MHD mixed convection Ferro Fe3O4/Cu-hybrid-nanofluid runs in a vertical channel

Abstract

Mixed convection of Ferro hybrid-nanofluid (Fe3O4/Cu /H2O) moving through a vertical channel in the existence of a uniform transverse magnetic field has been fulfilled in this article. Assuming that the sides of the channel are undergoing thermal radiative flux and variable temperature, under these assumptions a system of partial differential equations due to momentum, energy, and induced magnetic has been deemed. Using the non-dimensional variables technique, the system transformed to ordinary differential equations, which were solved analytically for both cases of buoyancy force.

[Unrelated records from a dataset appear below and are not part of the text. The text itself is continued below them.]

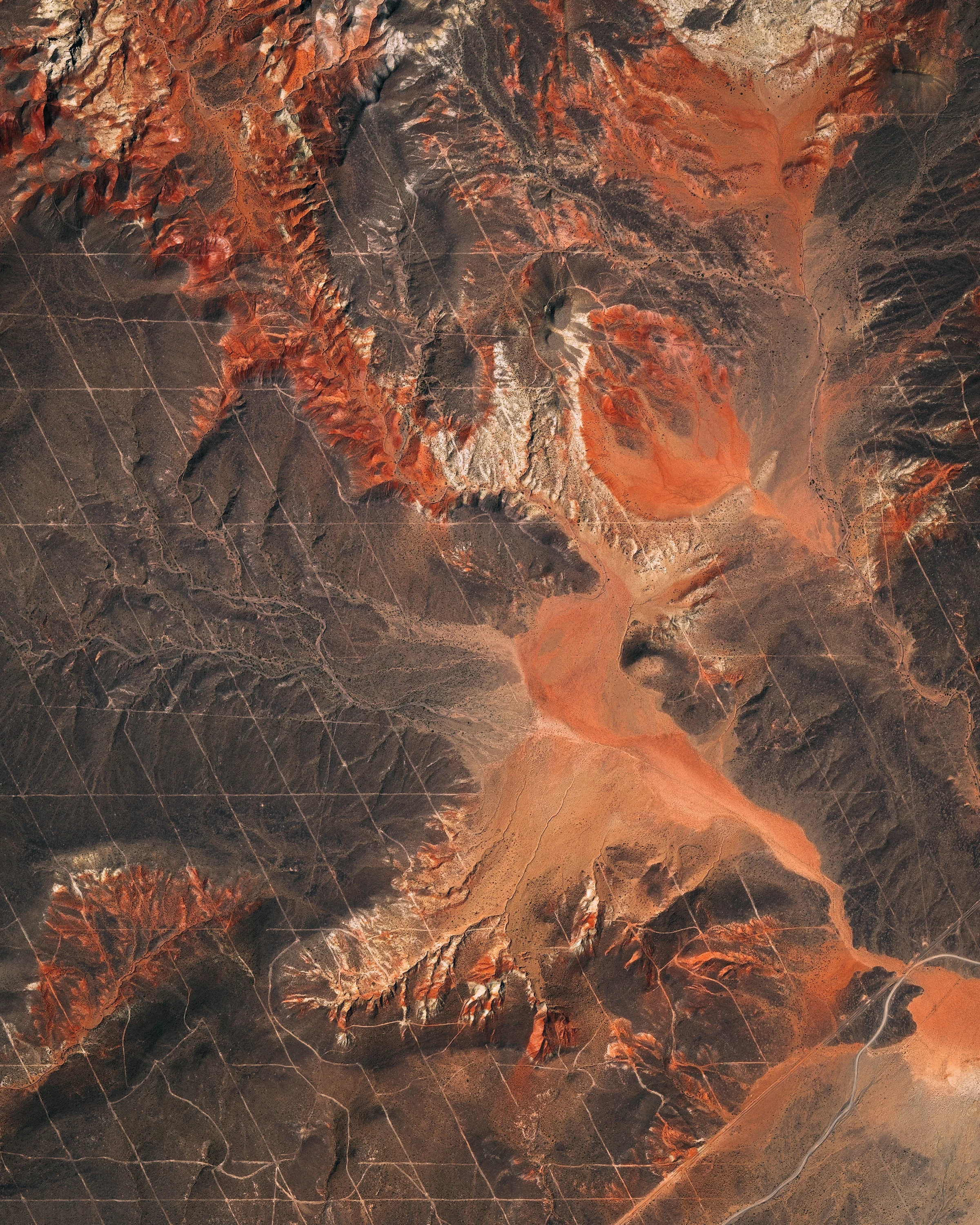 Roads create a grid-like pattern on the landscape in a remote section of Argentina’s Mendoza Province. This area has an arid climate and receives anywhere from 4 to 20 inches (100-500 mm) of precipitation per year. These conditions cause much of the soil to be dry and reddish, as shown in this Overview. 37°02'06.2"S, 69°27'05.9"W Source imagery: DigitalGlobe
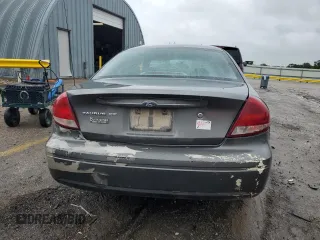2005 Ford Taurus SE z VIN 1FAFP53U35A138592, wystawiony jako Copart lot #56176905 z przebiegiem Nie podano mil oraz Szkoda całkowita • Salvage title. Historia ofert i sprzedaży dostępna na DreamBid. Obrazek 6.
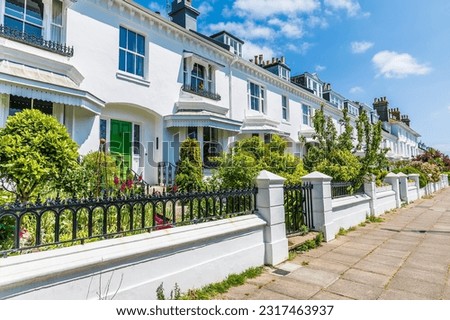 A view along a Victorian terrace In Brighton, UK in summertime Royalty-Free Stock Photo #2317463937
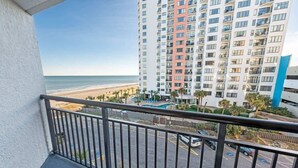 Un balcón con vista a una playa, un estacionamiento y un edificio de gran altura con múltiples balcones.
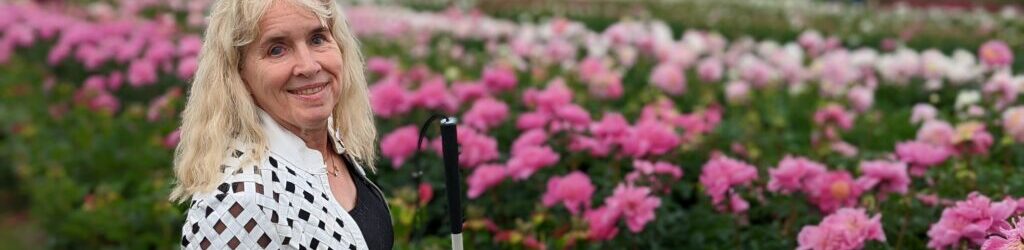 image of Gena holding cane in front of a field of pink flowers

The velocity and temperature profiles are also presented, as well as the Nusselt number, which is calculated and then analyzed as the relevant parameters are varied. The results revealed that hybrid fluids, magnetic fields, and thermal radiation all have an impact on velocity, induced magnetic, and temperature behavior. Furthermore, nanoparticle concentration and magnetic field have a strong influence on the critical Rayleigh number at the commencement of flow instability. Referring to the obtained results, one can observe that wall shear stress is reduced by 5% as the nanoparticles increase from 5 to 10% (for aiding buoyancy) and by 40–50% for opposing buoyancy. Also, adding 1% Cu – 10% Ferro-fluid reduces wall shear stress by 2%. More results, as well as the impacts of the relevant parameters on the hybrid-nanofluid temperature, velocity, and induced magnetic field, as well as the shear stress and rate of heat transfer at the channel wall, are shown in figures and tables, followed by a detailed discussion.